En un cartel, al costado de la foto de un candidato, se lee: «educación y salud gratuitas». Sin entrar en el análisis de su significado, el eslogan, se presenta como una «oferta» directamente dirigida a los «compradores». Lo importante es el precio, aunque el producto no se necesite. Este aviso publicitario es una muestra de la ligereza con la que se toman los próximos comicios.
Lo que debería ser un proceso de alternancia racional y cívica, termina por convertirse en una especie de feria de «productos» donde con febril actividad se realza más la forma que el fondo. ¿Será que los candidatos piensan que los ciudadanos carecemos de capacidad para analizar y discriminar un programa de otro? O tal vez ¿tienen el convencimiento que sólo los candidatos saben lo que es bueno para los electores y, en consecuencia, les interesa resaltar aquello que garantice una recordación fácil y duradera, aunque sea algo superficial o no relevante? Pensando en positivo, ¿este afán por gobernar se debe a la creencia – bien intencionada, pero no cierta- que solo se puede servir al país desde «las alturas»? Finalmente ¿esta atmósfera «de ofertas» que envuelve las elecciones forma parte del sistema democrático?
Votar es un mecanismo previsto en un sistema de alternancia del poder. Mediante este, el ciudadano decide, eligiendo al candidato a la Presidencia y al equipo que lo acompaña para que implemente, durante su gestión, las ideas y proyectos que ofreció durante su campaña.
Para elegir es necesario conocer, deliberar y finalmente actuar. Si no se conoce o se conoce a medias, no existe una verdadera elección. Igualmente, si uno conoce a cabalidad y luego delibera, pero no actúa, tampoco habrá elección. Todo queda en buenas intenciones. De no haber un contenido racional en las propuestas, el conocer -acto intelectual- no tendría la materia prima para cumplir con su cometido. No sólo eso, sino que, además, sin conocimiento no hay acto libre y sin libertad no existe responsabilidad. ¡Cuánto daño pueden causar al país aquellas personas que asumen con ligereza la envergadura de un cargo público! ¡Cuántos daños irreversibles pueden originar a los ciudadanos políticos que solo miran su propio beneficio!

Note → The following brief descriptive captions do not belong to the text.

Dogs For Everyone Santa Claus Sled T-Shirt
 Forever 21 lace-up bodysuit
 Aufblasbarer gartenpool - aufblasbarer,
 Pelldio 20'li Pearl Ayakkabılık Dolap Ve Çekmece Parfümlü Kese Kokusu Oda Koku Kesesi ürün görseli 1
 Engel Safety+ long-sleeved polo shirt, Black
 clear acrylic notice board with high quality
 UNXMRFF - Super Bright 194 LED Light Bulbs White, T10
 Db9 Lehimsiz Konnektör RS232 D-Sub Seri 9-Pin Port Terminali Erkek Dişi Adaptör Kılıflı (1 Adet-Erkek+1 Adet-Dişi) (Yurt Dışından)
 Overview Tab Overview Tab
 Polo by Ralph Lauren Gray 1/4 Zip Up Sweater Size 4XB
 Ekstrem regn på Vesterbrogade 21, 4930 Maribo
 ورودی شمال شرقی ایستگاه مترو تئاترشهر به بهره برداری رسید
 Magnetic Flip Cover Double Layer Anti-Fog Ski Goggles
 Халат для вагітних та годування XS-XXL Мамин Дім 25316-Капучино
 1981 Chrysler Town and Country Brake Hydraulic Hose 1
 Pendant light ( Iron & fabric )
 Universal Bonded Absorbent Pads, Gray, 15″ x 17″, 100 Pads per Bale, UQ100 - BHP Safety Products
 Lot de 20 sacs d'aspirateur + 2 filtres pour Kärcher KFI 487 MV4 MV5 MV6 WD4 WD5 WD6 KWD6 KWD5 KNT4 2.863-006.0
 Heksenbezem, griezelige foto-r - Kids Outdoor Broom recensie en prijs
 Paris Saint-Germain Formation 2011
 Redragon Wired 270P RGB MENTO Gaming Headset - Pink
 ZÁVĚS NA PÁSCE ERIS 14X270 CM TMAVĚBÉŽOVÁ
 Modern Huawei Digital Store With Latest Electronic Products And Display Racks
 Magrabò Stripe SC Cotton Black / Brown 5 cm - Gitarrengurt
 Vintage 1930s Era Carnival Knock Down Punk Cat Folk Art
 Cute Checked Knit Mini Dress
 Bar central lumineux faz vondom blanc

No debemos olvidar que la función de los gobernantes es el bien común, que incluye el bien particular. Por ello, en una sociedad democrática la elección de un candidato es un mecanismo que debe respetar la inteligencia y la voluntad del elector. No todo debe ser producto del marketing político: formas, colores, frases redondas, y canciones cuyo estribillo es «pegajoso». Hay que dar contenidos, planes racionales y viables, porque la democracia no concluye con la proclamación de un ganador: aquel recibe por delegación de los ciudadanos el poder; no es dueño del cargo, lo administra y solo temporalmente.
Por tanto, el rendir cuentas, recibir críticas o aceptar sugerencias no es señal de debilidad, es más bien una exigencia y un recordatorio de que se está en un cargo por mandato expreso de los electores. A través del voto, el ciudadano renuncia a ciertos derechos y prerrogativas a favor del candidato electo para que por él gobierne, legisle e implemente políticas. Pero conceder atribuciones no significa otorgar licencia para que se usufructúe sin límites el poder.
Es inadmisible aquel tan nefasto como extendido prejuicio que reza: «Mientras haga obras, no importa que el gobernante robe; lo malo es cuando roba, pero no hace obras». Es inaceptable, primero porque no todos los politicos son deshonestos e inificientes. Segundo, ¿quién garantizaría, entonces, que las obras que se ejecutan son realmente necesarias e importantes?; y, tercero, el gobernante tiene la obligación moral de realizar obras y no hace ningún favor ni concesión especial cuando las ejecuta.